#### WHAT YOU SHOULD DO
Only lines, not pictures: please repeat exactly the lines from the one with "Sandy Beach House" through the end of the listing.

[INPUT DATA Boundary: Start]

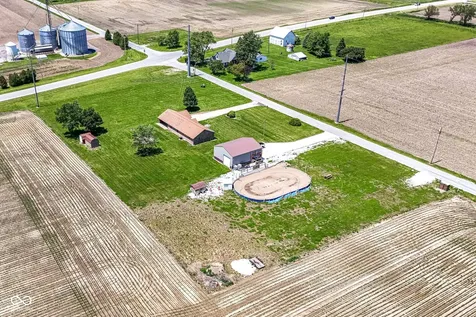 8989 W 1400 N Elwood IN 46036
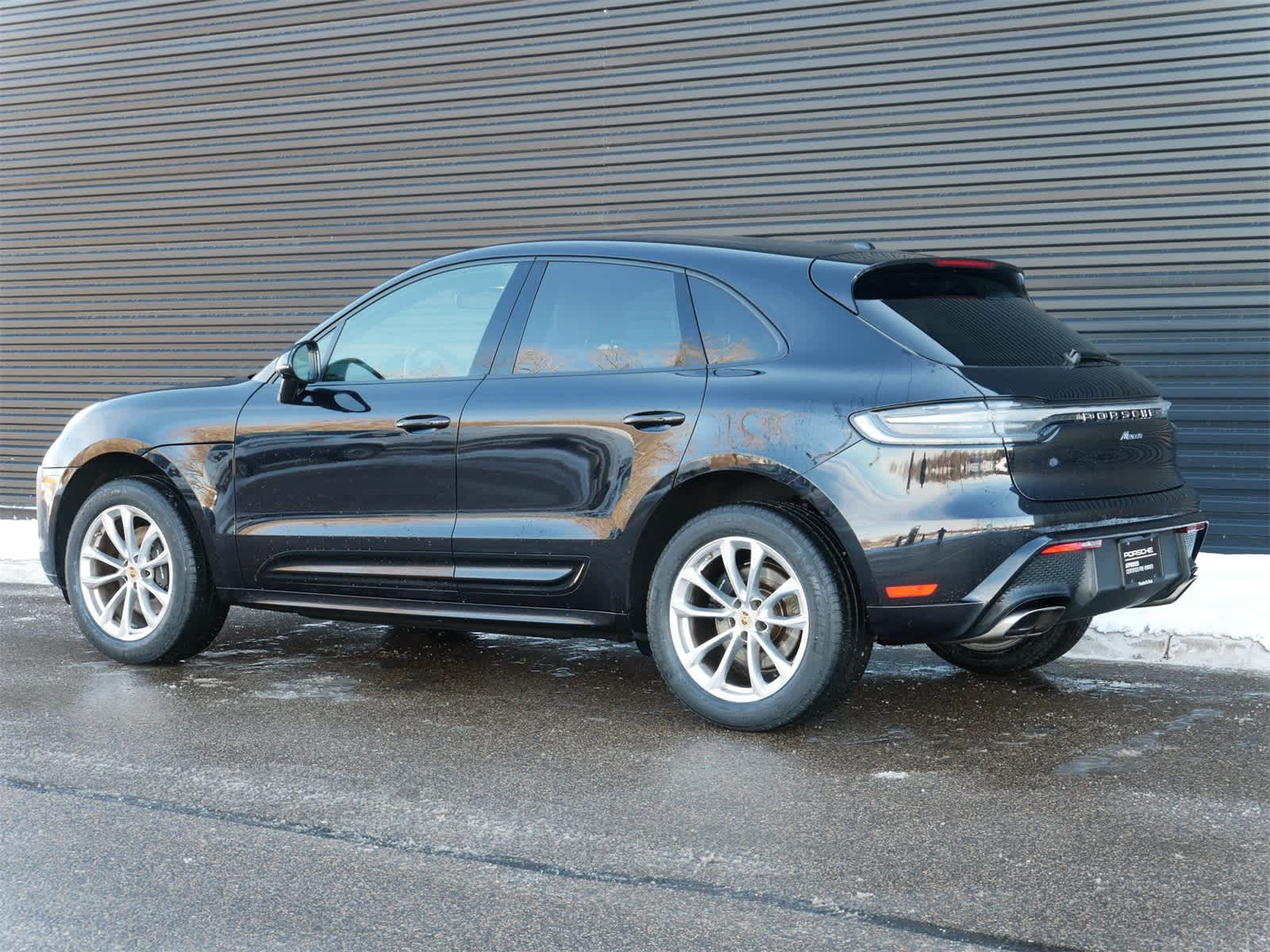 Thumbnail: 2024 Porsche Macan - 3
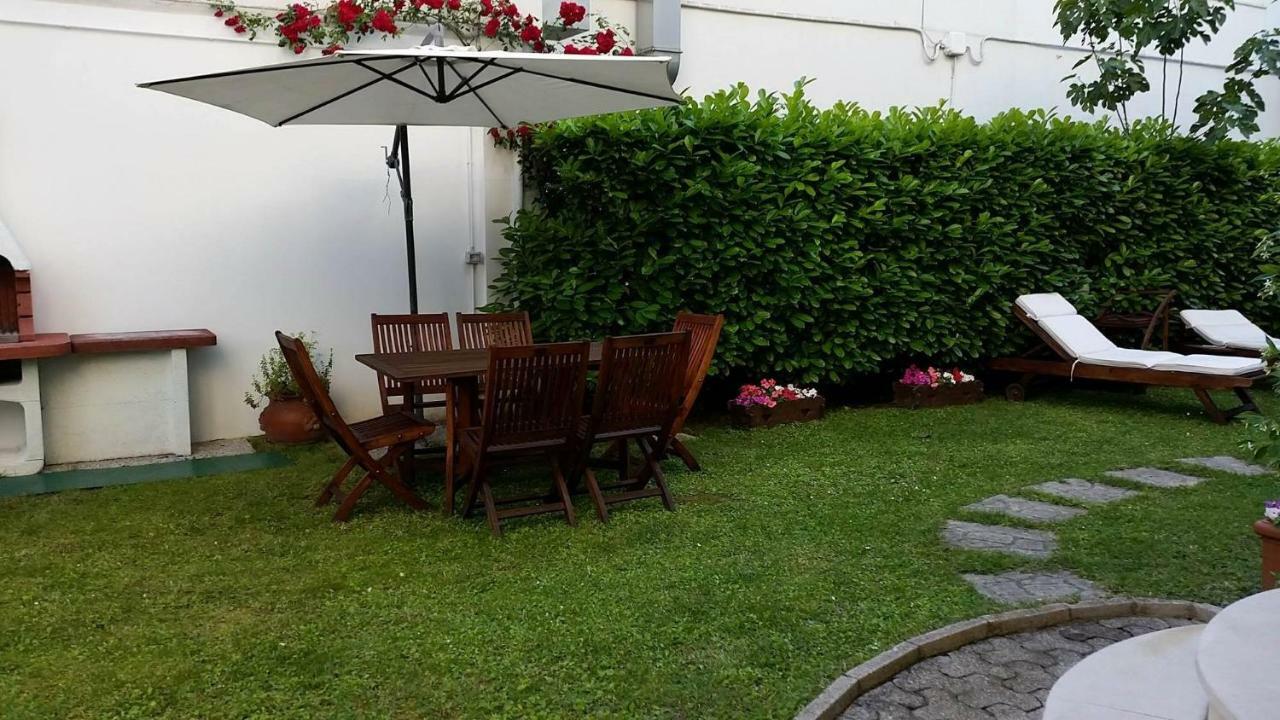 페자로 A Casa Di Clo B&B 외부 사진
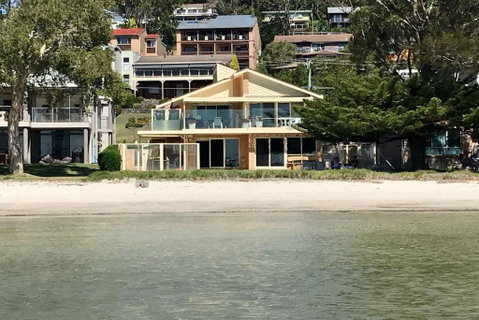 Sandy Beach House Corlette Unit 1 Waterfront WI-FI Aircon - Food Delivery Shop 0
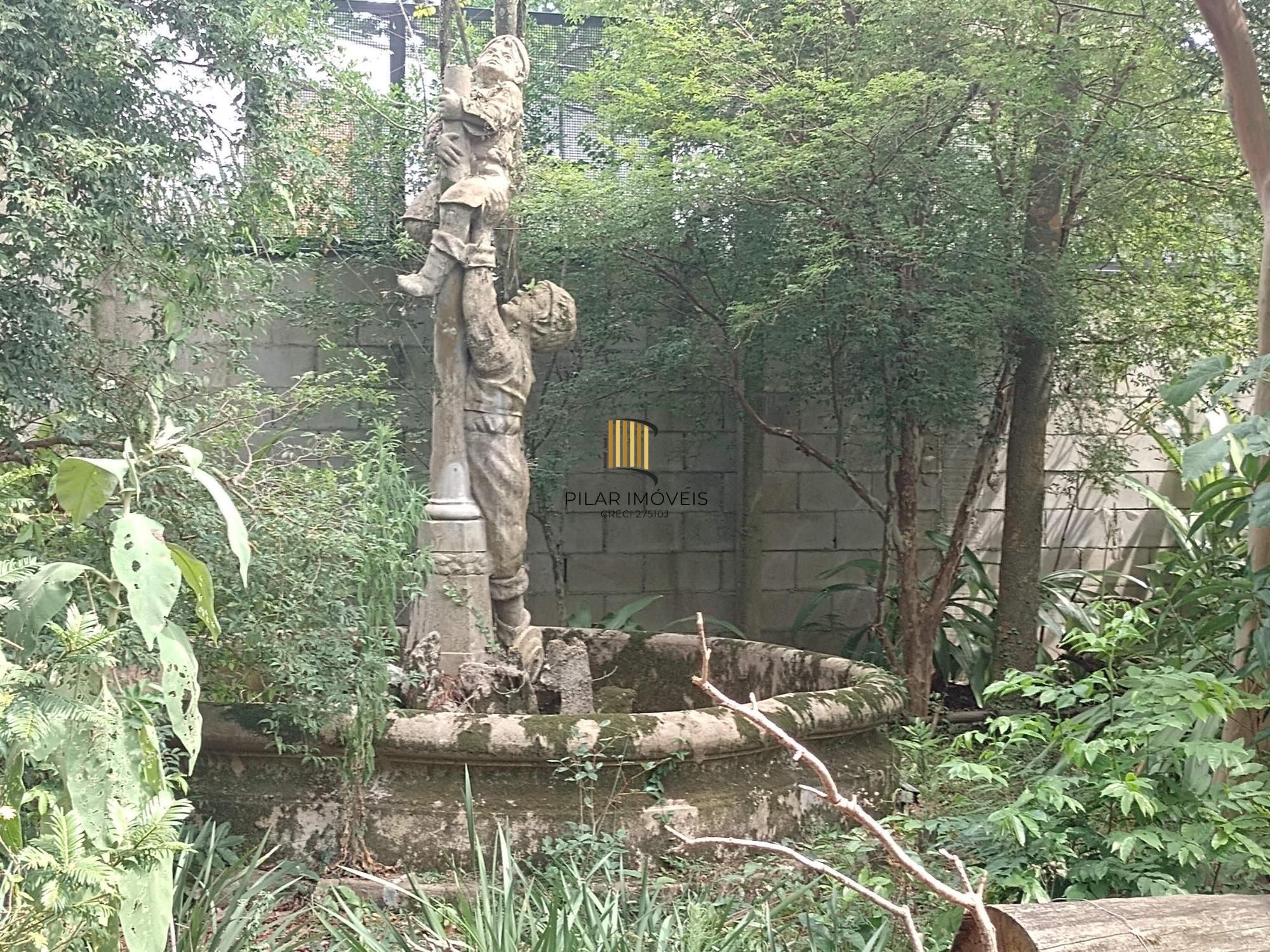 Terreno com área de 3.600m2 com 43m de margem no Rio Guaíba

[INPUT DATA Boundary: End]

#### REPLY
 Sandy Beach House Corlette Unit 1 Waterfront WI-FI Aircon - Food Delivery Shop 0
 Terreno com área de 3.600m2 com 43m de margem no Rio Guaíba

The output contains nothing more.